My idea now was “to protect” these API Keys by using one of the Electron packagers that allows me to protect the app.
My question is: in the moment that i do so, am i not harming any open-source-like licenses?

Either way i am mentioning all the plugins and codes within a “thank you and credits” section.
But my understanding is that i can not i.e. use an open source plugin and code-protect my electron app containing that code or plugin, am i right?

Anyone of you had similiar conflicts?
Hugs and greetings from this corner of the planet.


#2

If you want to be certain of your legal compliance, you should contact a legal professional. Only a legal professional can answer these questions accurately for your situation, jurisdiction and chosen use. I generally disallow extended legal discussion because nobody here is a legal professional and I don’t want anyone to be misled into thinking that anyone here is anything but a complete layman. If someone here is a legal professional, they are more than welcome to contact you via some other means than this message board.

With that said, the GPL (and other “copyleft” licenses) has a clause that specifically states the original source code must be made available upon request. You can find out more about various open source licenses on choosealicense.com.


#3

Thanks a lot for your time and response !
Do you know if it is possible to protect only certain files or the whole electron app?
As i said within my app is a Weathermap API Key and if it gets public, other people could use it for their own weather app.

Greetings and thanks again!


#4

As someone who is not at all a legal professional, I believe that it would be relatively easy for you to release source code without the API key and then add the key in during the build process (or store the key in a file that you’ve told git to ignore, so it simply doesn’t get uploaded), if that’s your main reason for hesitating.


#6

I also am very much not a lawyer. But I’m pretty certain no OSS license would require you to disclose an API key. You just need to provide code that should work if the recipient supplies their API key.


#7

From a technical standpoint Electron doesn’t provide any source code protection, so your secret API keys should never be distributed with your Electron app.


#8

That is correct but if i read correctly, there are two plugins available that can “scramble” up your code. The question is if it is possible to scramble only certain files instead of the whole app.


#9

If the API key or any other piece of data really needs to be confidential and you don’t want application users to see it, you would need to encrypt it or something, and it would probably be better not to commit the data into the source code at all… Minimizing or obfuscating JavaScript won’t be enough to keep people from picking apart the code to see what’s in your application.


#10

You are right. The thing is that in my example where i use the openweathermap api, in the FREE version they offer something like 5.000 api calls per day. If people out there would have my key, they could use it within their apps or websites with the result that my amount of free api calls would vanish within minutes.


#11

What if every installation of the app had its own API key? Is there an easy way to set up each instance with its own key? I mean easy for the end user.

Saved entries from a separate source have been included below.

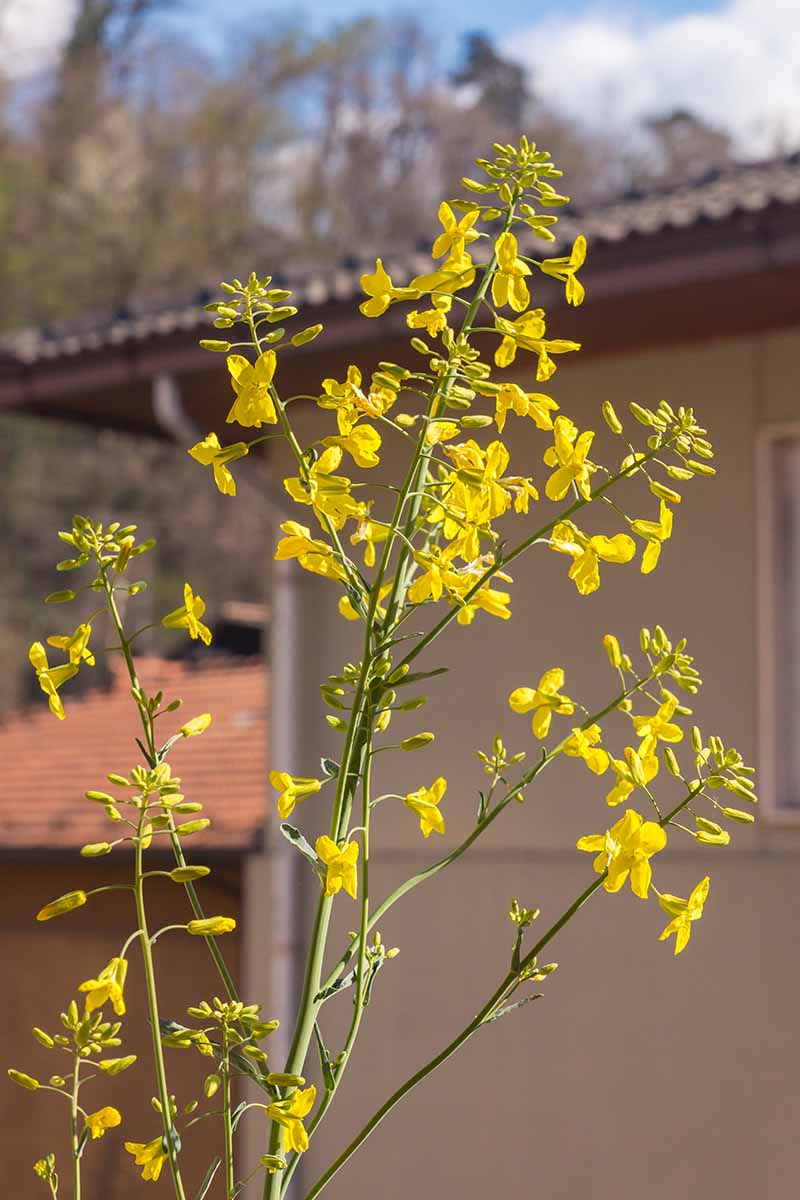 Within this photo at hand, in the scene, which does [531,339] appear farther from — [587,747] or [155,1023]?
[155,1023]

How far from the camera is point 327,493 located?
67.8 inches

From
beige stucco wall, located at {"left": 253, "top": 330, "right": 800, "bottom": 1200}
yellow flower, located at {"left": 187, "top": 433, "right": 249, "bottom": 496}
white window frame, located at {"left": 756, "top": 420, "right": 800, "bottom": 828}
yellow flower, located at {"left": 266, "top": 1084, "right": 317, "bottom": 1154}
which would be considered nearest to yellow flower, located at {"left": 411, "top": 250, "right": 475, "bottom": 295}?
yellow flower, located at {"left": 187, "top": 433, "right": 249, "bottom": 496}

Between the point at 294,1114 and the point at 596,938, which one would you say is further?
the point at 596,938

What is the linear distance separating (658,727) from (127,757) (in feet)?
26.6

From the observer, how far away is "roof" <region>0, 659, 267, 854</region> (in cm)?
818

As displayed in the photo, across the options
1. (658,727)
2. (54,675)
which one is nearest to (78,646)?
(54,675)

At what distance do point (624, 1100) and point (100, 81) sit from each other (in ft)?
79.9

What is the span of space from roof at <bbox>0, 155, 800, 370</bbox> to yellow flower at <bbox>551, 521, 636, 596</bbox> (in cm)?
407

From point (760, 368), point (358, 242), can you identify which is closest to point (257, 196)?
point (358, 242)

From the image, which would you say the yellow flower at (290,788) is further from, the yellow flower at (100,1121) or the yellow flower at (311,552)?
the yellow flower at (100,1121)

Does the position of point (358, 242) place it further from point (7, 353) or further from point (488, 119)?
point (7, 353)

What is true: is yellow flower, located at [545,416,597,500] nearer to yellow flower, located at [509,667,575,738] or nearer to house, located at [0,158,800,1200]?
yellow flower, located at [509,667,575,738]

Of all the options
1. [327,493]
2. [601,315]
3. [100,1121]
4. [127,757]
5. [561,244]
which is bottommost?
[100,1121]

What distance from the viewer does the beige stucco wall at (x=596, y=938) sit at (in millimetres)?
6199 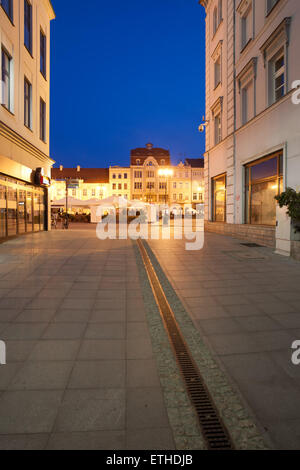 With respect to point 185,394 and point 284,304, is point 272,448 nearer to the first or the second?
point 185,394

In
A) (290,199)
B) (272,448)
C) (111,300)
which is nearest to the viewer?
(272,448)

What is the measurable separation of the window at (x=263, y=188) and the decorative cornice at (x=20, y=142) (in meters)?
10.6

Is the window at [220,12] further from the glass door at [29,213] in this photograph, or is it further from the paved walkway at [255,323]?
the paved walkway at [255,323]

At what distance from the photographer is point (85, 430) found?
227 cm

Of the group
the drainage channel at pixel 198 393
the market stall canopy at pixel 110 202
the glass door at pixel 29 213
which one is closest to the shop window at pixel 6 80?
the glass door at pixel 29 213

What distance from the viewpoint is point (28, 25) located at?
16.1 metres

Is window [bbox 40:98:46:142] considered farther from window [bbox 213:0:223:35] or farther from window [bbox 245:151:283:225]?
window [bbox 245:151:283:225]

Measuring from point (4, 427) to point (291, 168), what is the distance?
1065cm

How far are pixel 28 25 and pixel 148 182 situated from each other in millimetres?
57790

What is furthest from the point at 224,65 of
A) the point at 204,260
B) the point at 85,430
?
the point at 85,430

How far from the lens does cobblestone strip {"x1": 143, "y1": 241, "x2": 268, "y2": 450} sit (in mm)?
2217

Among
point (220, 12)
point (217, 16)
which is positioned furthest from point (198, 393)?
point (217, 16)

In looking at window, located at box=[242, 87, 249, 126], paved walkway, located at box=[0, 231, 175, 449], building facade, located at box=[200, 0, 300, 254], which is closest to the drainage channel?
paved walkway, located at box=[0, 231, 175, 449]

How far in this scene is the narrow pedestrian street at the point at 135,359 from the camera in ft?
7.51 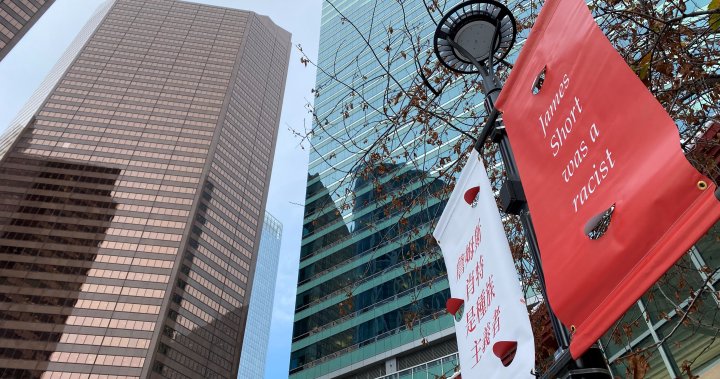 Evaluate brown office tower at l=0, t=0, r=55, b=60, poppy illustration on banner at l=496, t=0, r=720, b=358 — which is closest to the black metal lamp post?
poppy illustration on banner at l=496, t=0, r=720, b=358

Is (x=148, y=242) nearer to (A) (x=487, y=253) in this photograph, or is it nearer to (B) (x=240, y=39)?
(B) (x=240, y=39)

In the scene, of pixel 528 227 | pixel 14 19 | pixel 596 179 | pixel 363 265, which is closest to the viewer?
pixel 596 179

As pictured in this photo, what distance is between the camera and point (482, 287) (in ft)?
11.4

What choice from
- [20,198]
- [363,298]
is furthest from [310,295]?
[20,198]

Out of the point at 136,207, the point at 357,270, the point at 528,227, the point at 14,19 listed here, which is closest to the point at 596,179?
the point at 528,227

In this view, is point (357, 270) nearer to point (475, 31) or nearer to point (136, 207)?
point (475, 31)

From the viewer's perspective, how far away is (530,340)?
9.16 feet

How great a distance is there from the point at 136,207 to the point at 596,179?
4809 inches

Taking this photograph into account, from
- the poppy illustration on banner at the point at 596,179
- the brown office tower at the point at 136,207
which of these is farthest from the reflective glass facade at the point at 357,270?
the brown office tower at the point at 136,207

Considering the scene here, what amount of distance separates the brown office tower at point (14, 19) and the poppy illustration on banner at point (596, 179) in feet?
408

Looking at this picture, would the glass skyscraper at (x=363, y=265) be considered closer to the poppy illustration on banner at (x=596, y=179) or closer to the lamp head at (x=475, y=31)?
the lamp head at (x=475, y=31)

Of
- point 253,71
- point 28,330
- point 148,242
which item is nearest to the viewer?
point 28,330

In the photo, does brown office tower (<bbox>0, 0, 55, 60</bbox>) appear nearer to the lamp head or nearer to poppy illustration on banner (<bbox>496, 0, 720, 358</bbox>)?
the lamp head

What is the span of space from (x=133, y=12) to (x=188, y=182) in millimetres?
74420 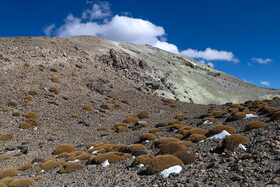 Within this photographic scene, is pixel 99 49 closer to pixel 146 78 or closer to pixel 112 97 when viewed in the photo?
pixel 146 78

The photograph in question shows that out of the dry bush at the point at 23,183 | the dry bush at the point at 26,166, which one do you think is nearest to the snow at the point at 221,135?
the dry bush at the point at 23,183

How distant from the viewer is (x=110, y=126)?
31.7 meters

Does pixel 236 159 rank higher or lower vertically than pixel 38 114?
lower

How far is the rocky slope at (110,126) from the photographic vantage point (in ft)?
34.6

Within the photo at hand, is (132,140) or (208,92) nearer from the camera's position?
(132,140)

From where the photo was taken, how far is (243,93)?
79438mm

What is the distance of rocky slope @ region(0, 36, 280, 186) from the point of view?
1055 centimetres

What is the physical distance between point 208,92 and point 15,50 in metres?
60.3

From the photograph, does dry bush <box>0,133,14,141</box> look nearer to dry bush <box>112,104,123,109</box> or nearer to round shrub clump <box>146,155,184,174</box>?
dry bush <box>112,104,123,109</box>

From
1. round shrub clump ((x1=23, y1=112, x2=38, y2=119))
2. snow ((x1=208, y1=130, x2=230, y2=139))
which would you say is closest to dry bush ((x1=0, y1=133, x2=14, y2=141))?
round shrub clump ((x1=23, y1=112, x2=38, y2=119))

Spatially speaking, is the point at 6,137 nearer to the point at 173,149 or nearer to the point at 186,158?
the point at 173,149

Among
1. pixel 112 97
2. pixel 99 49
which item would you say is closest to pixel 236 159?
pixel 112 97

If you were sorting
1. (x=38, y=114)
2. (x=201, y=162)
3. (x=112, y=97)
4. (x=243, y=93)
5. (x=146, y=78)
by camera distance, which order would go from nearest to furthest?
(x=201, y=162) → (x=38, y=114) → (x=112, y=97) → (x=146, y=78) → (x=243, y=93)

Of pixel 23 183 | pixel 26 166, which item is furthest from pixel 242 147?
pixel 26 166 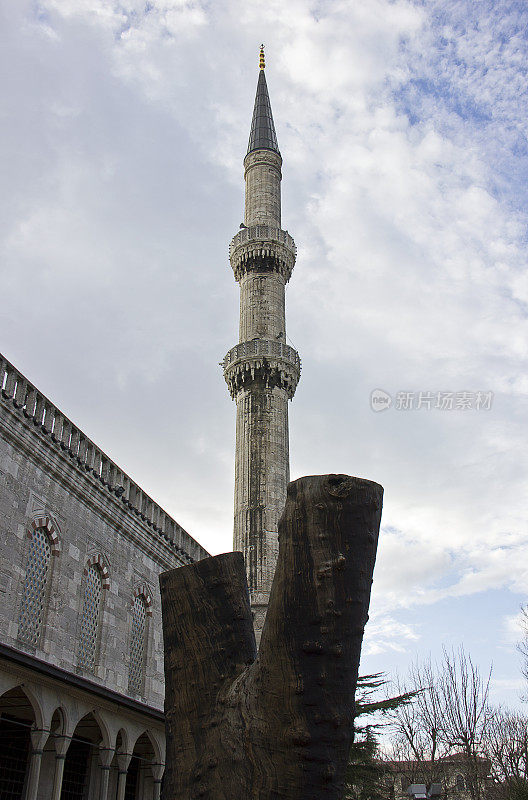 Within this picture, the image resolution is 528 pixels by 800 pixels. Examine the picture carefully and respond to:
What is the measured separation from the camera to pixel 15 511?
12961 millimetres

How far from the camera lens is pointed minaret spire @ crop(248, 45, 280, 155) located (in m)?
34.6

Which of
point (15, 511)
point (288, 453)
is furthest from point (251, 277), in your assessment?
point (15, 511)

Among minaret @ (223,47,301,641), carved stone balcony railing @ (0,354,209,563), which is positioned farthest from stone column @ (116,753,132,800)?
minaret @ (223,47,301,641)

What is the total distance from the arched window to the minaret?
19.4ft

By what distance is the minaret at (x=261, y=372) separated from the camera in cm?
2569

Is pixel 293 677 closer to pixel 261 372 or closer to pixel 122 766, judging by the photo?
pixel 122 766

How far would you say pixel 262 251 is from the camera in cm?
3050

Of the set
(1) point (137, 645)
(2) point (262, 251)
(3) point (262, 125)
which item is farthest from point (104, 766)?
(3) point (262, 125)

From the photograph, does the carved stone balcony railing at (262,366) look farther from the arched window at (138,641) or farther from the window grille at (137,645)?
the window grille at (137,645)

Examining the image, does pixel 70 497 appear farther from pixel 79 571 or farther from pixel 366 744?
pixel 366 744

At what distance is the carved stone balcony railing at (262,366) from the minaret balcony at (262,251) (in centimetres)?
421

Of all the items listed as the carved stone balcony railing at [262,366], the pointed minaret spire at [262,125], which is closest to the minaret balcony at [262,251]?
the carved stone balcony railing at [262,366]

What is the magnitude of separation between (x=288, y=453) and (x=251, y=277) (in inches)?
328

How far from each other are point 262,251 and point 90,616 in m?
19.2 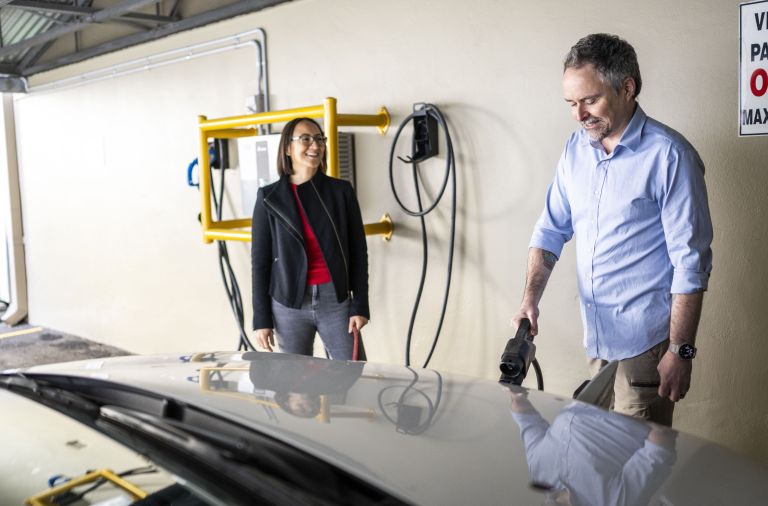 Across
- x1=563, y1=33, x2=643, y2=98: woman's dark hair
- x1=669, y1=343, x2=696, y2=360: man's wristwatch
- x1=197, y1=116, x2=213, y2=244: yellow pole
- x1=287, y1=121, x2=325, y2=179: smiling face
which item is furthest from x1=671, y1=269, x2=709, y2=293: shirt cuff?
x1=197, y1=116, x2=213, y2=244: yellow pole

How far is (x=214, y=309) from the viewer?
16.2ft

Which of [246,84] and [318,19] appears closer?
[318,19]

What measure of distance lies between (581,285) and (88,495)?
4.86ft

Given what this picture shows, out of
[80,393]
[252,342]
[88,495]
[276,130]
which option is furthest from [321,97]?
[88,495]

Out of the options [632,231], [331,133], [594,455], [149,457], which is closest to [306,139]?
[331,133]

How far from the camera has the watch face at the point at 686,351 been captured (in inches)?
75.7

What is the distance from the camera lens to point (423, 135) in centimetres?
351

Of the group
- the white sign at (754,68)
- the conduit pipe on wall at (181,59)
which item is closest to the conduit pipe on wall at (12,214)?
the conduit pipe on wall at (181,59)

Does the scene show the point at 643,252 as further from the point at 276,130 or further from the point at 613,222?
the point at 276,130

Otherwise, I can only think you’d have to keep the API key on your own server to proxy the client queries. And then possibly limit how often clients can query your server.


#12

What if every installation of the app had its own API key?

I think this is the best solution for a free (as in beer) software. I’ve personally used software that asked me for a map key.

keep the API key on your own server to proxy the client queries

This probably make a lot sens from a business standpoint.
You’d be able to control your expenses.

Also note that electron has full debugger, and it’s probably possible to get the API key by inspecting network packets.


#13

Some open source software comes with an api key with similar restrictions. But makes clear that it is likely to fail to work consistently because of the keys over use the user should apply for and substitute their own. So by all means include a key, but just not one that will stop you using your own product :smiley:

That way you get your product out there, but there are steps people will need to take to make it their own.